Hommage : La singulière expérience théâtrale de Abdelkader Alloula

Posté par mouradpreure le 18 mars 2014

Par Ahmed Cheniki

Hommage : La singulière expérience théâtrale de Abdelkader Alloula  dans LITTERATURE, ARTS, CULTURE abdelkader_alloula

De nombreux hommes de théâtre arabes, européens, africains, asiatiques et américains ont commencé, ces dernières décennies, à s’interroger sur leur propre pratique, à tenter de nouvelles expériences, à remettre en question le discours théâtral conventionnel et à se tourner vers les formes dramatiques populaires.

Ces expériences, marquées parfois par un parti-pris théorique et les velléités d’une pratique souvent traversée par le schéma brechtien, mirent en question les lourdeurs et les inadéquations du lieu théâtral conventionnel.
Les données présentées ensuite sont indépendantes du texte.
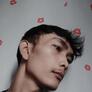 Click to view uploads for Nurtriana Putra
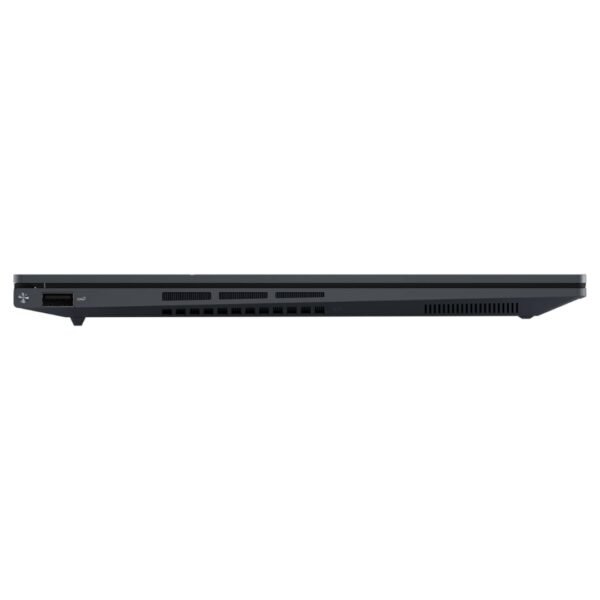 Asus ZenBook Q420VA Intel EVO i7 13700H – 16GB DDR5 RAM – 512GB NVMe SSD – 14.5″ 2.8K OLED TouchScreen Display – Inkwell Gray - Windows 11 Home - Image 7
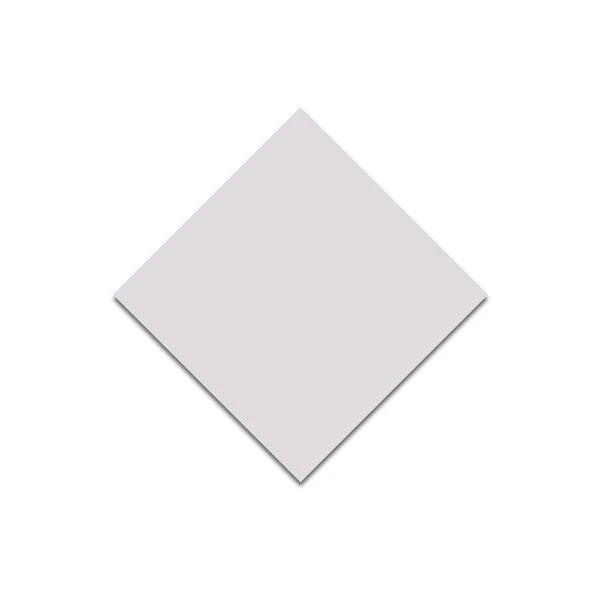 Вставка Taco Dome Nacar 40x40x8 Vives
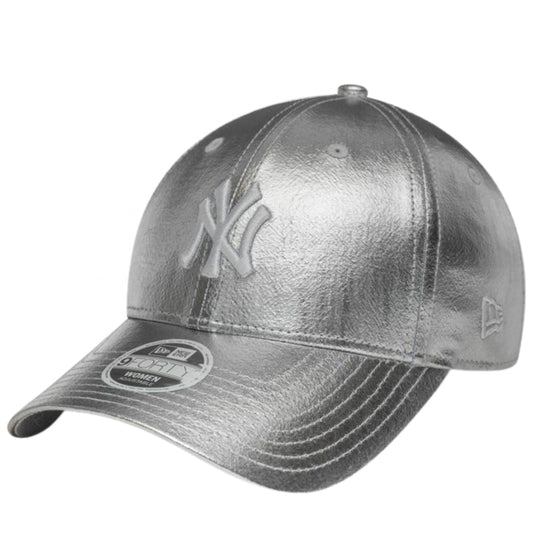 Cappello New Era 9Forty Metallic NEYYAN UNICO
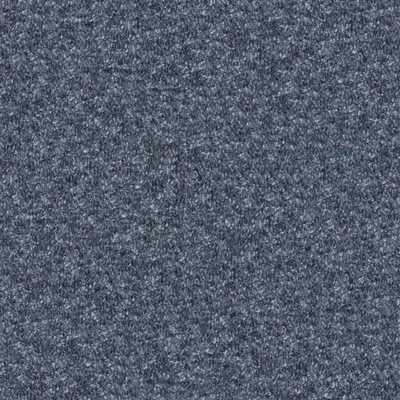 CADENZA DENIM thumbnail 2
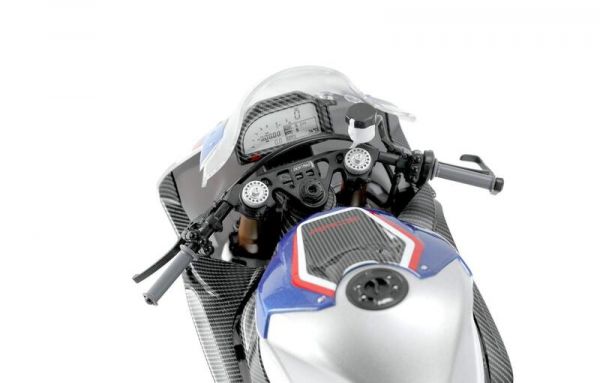 MENG 1/9 BMW HP4 RACE 悅色版 組裝模型 MENG,1/9,BMW,HP4 RACE,悅色版,組裝模型,
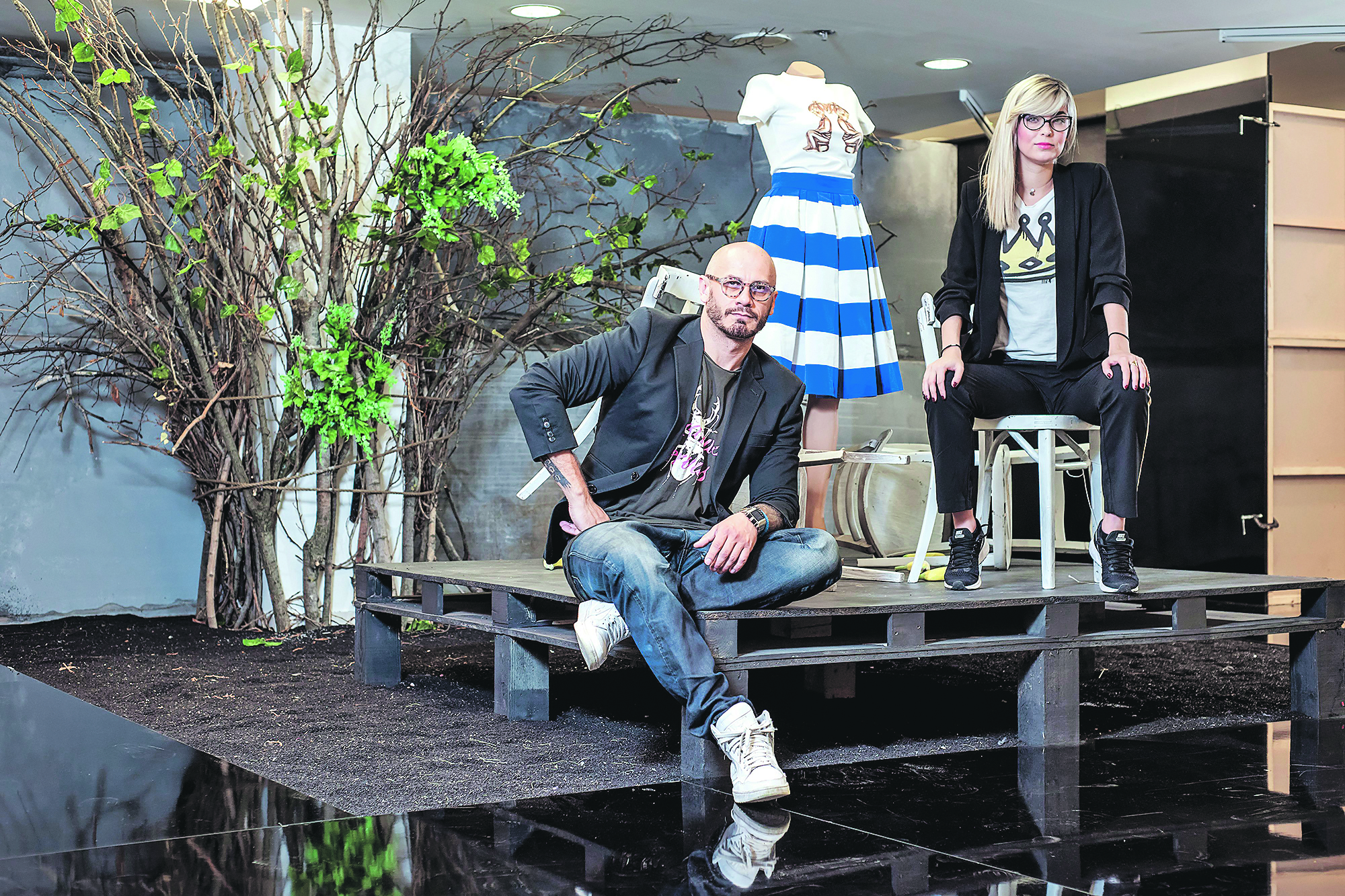 116593-149503-drago_josipovic1-040417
Le public (ou le récepteur) a déterminé sérieusement cette manière de faire. Abdelkader Alloula, un de nos plus grands hommes de théâtre, d’une extraordinaire culture, qui a débuté sa carrière avec des pièces classiques (El Ghoula ou L’ogresse de Rouiched, 1964, Essoultane el Hair ou Le roi inquiet de Tewfik el Hakim et Monnaie d’or de Chu Su Sen, 1967), et un regard conventionnel, a entrepris, avec Homk Selim (adapté du Journal d’un fou de Gogol), en 1968, une intéressante expérience, singulière et fort enrichissante, consistant en une tentative de mettre en forme une sorte de théâtre total, une synthèse de deux structures dramatiques. Alloula cherchait à se libérer des carcans et des normes d’une pratique qui lui semblait en porte-à-faux avec les besoins d’un public accoutumé à une mise en espace de la parole et à une attentive écoute des péripéties et des rumeurs d’un récit associant humour et situations répétitives.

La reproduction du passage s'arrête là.